The economy is throwing off signals that it may be bumping along the bottom, and the ride is likely to be rough.
Some of recent green lights include: a rise in demand for big-ticket items like major appliances, a decline in applications for unemployment benefits and a housing market that is no longer in free-fall.
The data lend weight to the growing notion, supported by more than 90 percent of economists in a recent survey, that the deepest recession since the 1930s may be drawing to a close.
"The developing trend signals this recession — the longest and deepest of the postwar era — is losing momentum," Wachovia economic analyst Tim Quinlan said in a note to clients.

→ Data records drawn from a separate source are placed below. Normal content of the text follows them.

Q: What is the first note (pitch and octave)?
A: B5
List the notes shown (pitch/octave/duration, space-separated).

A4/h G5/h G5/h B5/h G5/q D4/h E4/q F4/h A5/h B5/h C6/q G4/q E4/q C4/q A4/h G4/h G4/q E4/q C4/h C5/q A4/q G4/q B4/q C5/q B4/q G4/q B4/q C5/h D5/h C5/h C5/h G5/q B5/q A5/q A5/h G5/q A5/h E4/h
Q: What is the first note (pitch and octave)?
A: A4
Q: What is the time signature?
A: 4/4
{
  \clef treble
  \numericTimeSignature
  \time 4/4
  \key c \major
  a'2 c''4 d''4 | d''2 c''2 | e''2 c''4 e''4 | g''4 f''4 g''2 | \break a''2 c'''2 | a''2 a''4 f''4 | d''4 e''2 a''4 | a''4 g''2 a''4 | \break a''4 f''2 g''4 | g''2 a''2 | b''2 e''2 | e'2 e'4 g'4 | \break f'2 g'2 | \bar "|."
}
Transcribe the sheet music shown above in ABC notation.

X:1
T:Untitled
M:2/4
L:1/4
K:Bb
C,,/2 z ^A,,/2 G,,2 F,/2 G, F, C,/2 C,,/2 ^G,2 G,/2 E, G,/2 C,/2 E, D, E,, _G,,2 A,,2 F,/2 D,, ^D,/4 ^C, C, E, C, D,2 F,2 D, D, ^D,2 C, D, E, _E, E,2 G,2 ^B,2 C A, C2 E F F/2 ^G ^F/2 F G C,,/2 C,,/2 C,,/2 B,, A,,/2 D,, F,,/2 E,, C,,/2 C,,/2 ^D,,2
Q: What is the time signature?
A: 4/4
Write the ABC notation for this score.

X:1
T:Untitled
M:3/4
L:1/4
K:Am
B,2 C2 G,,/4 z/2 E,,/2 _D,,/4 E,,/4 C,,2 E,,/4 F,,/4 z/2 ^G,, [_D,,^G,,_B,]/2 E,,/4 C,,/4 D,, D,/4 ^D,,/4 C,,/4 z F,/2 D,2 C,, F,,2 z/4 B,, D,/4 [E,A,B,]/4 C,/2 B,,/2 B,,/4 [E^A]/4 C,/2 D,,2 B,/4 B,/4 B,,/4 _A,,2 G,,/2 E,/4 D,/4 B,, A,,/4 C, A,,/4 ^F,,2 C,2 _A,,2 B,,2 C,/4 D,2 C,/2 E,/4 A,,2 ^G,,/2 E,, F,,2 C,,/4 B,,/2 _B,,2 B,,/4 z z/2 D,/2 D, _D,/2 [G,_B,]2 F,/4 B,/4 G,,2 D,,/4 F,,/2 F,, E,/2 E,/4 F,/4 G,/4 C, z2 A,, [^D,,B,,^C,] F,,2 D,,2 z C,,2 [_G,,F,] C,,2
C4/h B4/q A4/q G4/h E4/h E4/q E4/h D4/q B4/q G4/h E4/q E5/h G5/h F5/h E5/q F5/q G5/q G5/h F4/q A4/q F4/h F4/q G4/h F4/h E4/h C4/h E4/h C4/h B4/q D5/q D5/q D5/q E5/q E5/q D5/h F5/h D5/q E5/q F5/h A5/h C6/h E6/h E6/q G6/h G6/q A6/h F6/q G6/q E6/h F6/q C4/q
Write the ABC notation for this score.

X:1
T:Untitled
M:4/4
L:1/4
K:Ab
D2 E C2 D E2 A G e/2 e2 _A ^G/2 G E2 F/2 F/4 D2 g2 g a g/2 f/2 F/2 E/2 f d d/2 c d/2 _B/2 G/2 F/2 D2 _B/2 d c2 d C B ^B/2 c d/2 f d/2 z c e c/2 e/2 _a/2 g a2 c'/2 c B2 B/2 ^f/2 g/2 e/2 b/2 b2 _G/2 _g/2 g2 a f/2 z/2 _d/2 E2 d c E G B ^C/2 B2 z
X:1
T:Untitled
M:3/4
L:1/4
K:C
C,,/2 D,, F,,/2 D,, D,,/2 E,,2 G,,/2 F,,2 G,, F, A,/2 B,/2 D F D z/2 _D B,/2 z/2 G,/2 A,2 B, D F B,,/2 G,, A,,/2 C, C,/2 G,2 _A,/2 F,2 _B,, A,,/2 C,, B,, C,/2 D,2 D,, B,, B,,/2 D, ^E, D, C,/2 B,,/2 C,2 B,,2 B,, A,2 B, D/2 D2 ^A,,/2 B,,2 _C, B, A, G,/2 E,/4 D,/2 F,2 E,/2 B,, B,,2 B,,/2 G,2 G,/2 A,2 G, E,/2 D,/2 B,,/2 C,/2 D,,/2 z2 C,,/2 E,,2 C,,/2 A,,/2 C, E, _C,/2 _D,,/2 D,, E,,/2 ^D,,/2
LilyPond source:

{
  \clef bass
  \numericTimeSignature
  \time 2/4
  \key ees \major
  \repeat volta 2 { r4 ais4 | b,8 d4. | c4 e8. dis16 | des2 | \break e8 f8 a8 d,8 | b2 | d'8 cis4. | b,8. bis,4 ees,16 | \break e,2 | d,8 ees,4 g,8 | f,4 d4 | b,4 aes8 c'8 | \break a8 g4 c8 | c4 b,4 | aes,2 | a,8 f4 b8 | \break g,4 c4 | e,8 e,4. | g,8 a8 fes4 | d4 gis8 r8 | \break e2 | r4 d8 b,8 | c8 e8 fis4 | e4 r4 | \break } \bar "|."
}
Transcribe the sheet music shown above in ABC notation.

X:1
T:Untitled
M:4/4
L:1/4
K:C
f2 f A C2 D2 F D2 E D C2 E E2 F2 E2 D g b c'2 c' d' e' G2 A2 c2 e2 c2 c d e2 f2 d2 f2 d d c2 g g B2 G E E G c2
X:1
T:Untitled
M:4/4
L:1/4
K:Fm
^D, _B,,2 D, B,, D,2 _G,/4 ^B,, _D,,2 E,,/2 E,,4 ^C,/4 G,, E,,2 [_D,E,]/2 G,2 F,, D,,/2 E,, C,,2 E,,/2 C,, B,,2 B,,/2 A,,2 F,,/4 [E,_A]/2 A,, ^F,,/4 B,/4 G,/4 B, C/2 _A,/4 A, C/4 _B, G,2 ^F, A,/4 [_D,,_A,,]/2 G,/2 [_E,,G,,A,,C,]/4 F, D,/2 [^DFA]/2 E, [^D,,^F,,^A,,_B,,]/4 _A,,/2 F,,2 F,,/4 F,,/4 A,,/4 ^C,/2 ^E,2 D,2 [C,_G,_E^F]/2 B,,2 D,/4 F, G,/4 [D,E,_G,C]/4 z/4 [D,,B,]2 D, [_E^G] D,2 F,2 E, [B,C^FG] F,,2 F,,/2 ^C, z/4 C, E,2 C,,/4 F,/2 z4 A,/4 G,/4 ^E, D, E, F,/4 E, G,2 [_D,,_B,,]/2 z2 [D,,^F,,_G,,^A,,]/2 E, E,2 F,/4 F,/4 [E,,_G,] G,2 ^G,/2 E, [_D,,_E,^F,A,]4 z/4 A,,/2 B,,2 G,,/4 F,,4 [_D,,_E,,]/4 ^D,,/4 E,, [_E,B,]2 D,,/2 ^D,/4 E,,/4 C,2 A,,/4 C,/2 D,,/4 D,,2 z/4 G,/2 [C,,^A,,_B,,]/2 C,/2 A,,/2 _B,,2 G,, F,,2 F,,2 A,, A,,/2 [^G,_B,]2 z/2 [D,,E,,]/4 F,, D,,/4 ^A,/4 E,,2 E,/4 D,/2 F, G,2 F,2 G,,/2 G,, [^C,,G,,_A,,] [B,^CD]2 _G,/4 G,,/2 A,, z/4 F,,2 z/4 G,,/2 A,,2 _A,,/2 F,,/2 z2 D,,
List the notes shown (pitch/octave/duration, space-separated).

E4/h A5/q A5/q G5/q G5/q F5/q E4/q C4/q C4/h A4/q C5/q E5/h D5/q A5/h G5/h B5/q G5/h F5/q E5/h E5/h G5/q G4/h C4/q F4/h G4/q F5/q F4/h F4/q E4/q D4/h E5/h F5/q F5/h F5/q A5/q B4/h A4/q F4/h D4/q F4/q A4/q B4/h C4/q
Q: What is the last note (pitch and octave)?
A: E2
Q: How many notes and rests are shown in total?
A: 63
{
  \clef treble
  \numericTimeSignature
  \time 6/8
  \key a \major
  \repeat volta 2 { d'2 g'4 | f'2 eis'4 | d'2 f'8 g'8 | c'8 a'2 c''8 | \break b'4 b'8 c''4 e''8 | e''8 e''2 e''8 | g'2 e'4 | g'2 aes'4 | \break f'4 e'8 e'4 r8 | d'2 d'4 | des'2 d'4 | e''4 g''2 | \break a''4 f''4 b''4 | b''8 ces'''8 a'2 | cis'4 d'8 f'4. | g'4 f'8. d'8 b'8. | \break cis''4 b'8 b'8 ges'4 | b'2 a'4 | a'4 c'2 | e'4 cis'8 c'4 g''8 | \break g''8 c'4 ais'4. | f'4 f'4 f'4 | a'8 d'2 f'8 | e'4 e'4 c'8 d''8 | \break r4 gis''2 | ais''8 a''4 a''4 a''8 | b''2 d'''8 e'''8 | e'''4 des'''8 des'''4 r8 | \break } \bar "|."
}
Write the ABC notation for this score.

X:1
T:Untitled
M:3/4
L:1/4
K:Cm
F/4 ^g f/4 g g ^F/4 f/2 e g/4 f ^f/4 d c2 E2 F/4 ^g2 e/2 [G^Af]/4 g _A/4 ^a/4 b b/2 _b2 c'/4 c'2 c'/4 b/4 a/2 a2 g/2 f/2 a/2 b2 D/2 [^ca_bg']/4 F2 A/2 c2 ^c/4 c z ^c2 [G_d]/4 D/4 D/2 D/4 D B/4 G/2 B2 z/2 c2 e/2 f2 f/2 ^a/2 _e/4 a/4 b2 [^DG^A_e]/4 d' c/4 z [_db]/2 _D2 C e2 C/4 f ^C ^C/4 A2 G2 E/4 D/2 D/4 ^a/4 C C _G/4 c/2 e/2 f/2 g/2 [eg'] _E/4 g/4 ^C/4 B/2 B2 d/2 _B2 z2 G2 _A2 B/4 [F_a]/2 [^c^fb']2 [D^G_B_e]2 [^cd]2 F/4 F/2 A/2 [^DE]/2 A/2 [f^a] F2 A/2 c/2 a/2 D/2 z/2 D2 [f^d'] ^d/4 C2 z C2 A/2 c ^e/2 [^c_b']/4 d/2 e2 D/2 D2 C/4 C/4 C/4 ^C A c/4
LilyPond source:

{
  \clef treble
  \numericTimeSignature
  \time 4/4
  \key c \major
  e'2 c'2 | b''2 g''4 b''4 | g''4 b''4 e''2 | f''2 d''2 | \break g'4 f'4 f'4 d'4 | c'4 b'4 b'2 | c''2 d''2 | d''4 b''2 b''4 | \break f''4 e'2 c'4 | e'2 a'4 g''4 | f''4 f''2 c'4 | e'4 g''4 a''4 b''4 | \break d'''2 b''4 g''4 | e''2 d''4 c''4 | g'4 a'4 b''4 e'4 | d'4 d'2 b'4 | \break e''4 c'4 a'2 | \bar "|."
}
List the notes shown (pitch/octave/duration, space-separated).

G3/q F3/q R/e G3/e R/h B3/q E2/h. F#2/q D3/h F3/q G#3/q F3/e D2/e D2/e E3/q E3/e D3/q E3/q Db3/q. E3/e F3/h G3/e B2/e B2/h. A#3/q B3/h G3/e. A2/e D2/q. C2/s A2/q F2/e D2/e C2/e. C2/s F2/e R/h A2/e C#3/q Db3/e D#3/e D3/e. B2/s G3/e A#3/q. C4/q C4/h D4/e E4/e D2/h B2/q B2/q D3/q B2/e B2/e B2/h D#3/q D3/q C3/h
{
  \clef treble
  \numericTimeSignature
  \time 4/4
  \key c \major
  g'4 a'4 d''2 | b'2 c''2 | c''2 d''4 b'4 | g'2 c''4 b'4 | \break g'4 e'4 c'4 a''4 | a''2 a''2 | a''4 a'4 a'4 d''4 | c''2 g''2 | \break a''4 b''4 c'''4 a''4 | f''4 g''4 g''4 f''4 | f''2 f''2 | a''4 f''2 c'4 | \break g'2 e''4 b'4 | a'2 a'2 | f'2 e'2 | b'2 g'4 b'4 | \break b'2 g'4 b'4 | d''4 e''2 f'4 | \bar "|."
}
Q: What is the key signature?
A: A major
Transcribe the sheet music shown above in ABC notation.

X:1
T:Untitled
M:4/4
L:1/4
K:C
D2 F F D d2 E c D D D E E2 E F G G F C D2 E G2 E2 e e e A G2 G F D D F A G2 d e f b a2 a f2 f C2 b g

But the economic picture is still a bit blurry.
For example, the Commerce Department reported Thursday that orders for durable goods like appliances, heavy machinery and aircraft posted their biggest one-month gain in 16 months, up 1.9 percent from March. But March orders were revised downward to a decline of 2.1 percent, leaving the two-month total at nearly a wash.
Still, the key indicator has risen in two of the past three months after having recorded six straight declines. Analysts believe this could be signaling that the deep recession in manufacturing may be bottoming out. But they believe a sustained rebound is still some distance away.
Other positive signs this week have come from the housing sector. Sales of new homes rose a tiny 0.3 percent in April to a seasonally adjusted annual rate of 352,000 from a downwardly revised rate of 351,000 in March.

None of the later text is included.